When the pressure reaches about seven times the external pressure of the atmosphere, the hull finally bursts open and the soft protein/starch mixture puffs up and then stiffens as it cools — a mini-application of corn starch at its finest. It’s also one delicious enough to lure the average North American into eating 58 quarts of popcorn a year.

As far as flavour goes, the heating process also sets other chemical reactions in motion, one of them creating compounds that are shared by basmati rice.

McGee warns that if the popping is done in a tightly covered pot or pan with no way for the water vapour to escape, the endosperm will retain some of the moisture and be tough and chewy. Likewise if you leave a bag of kettle corn lying around and the humidity gets to it.

Conversely, if you don’t store your popcorn properly and it dries out, it won’t pop, not because it’s stale but rather that it no longer has a moisture content of 13-14 per cent.

As much as we movie- and fair-goers love our hot, fresh popcorn, it isn’t some kind of modern invention. It’s been found in archeological digs in Mexico dating back to pre-historic times. In fact, popping kernels in a fire may have been one of the earliest ways of cooking corn.

Much later, in the 19th century, Americans served popcorn as a breakfast cereal and made it into porridge, amongst other things. Now they were on to something. My favourite breakfast “treat” when I was a kid — and what a rare treat it was — was Sugar Pops, now simply called Corn Pops to assuage good parents’ fears of too much sugar so early in the day.
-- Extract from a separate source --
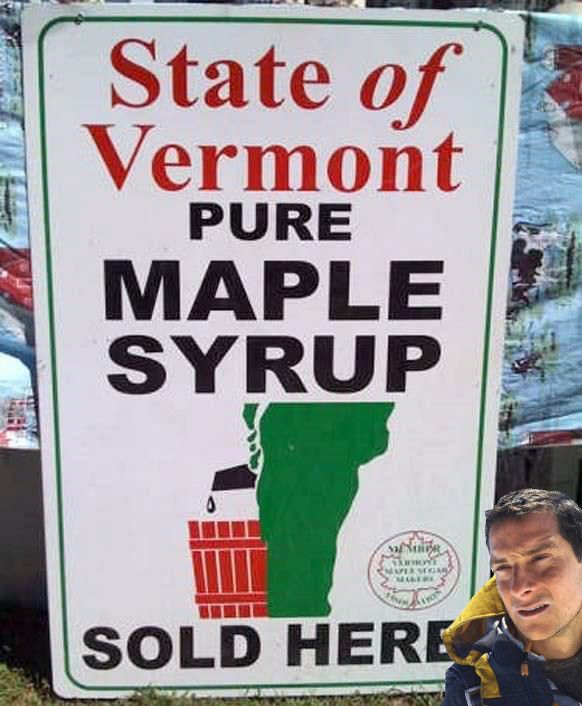 State of Vermont
 PURE MAPLE SYRUP
 SOLD HERE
An overly cheerful prairie dog with peppermint stick six-shooters and too big a head lured kids in with his merry jingle: “Oh the Pops are sweeter and the taste is new. They're shot with sugar, through and through. Kellogg’s Sugar Corn Pops (pop, pop)… Sugar Pops are tops!" Get it… six shooters… POPcorn…?

Given corn is a good source of B-complex vitamins, including B 12 , and does contain some protein, it wouldn’t have taken much to convince me back then that Sugar Pops, or at least popcorn, qualified as one of the five main food groups.
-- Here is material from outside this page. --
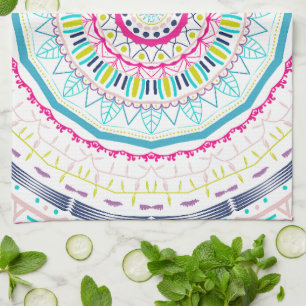 farbenfrohes Mandala Geschirrtuch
But you wouldn’t want to overly depend on it in your diet. First of all the protein it contains is not complete (it lacks two essential amino acids). Plus corn-based diets in Africa and the Americas are often related to pellagra, which is caused by a niacin deficiency. (Sufferers are poorly nourished, weak and underweight and can even suffer dementia or death.)

Cows and the like do okay with getting the niacin out. However, we humans with our single stomachs do not.

But people have figured out strategies for getting around this. One method in countries such as Mexico and Guatemala is processing the corn in an alkaline solution (made variously from lime, ashes or burned mussel shells, as one Mayan group used to do) for tortillas and the like. This makes the niacin available to our human digestive systems.

Hominy, used in that delicious Mexican soup, pozole, is made from whole corn kernels, preferably white corn, that’s been cooked for 20-40 minutes in a solution of lime or lye, then the hulls and alkaline solution are washed off.

Corn Nuts, another North American favourite, are made from corn with the largest known kernels — Cuzco gigante, from Peru. They’re also treated with alkali then soaked in warm water for hours before being fried. And here you thought it was corn on steroids.

Like Sugar Pops, Cracker Jack also has roots reaching back to pioneering America, when early settlers made a treat by mixing popcorn with molasses. Corn dogs aren’t quite that historic — the first one rolled off the rack at a state fair in Minnesota in 1941.

As for corn-on-a-stick, it’s pretty easy to picture someone in a pre-Mayan world, jabbing a tiny cob, likely a popcorn cob, onto the end of a stick and roasting it over an open fire. The native Americans who first developed sweet corn would have approved — they thought its flavour was best when the corn was parched by the sun.

 

Glenda Bartosh is an award-winning freelance writer who can’t stand a movie without popcorn.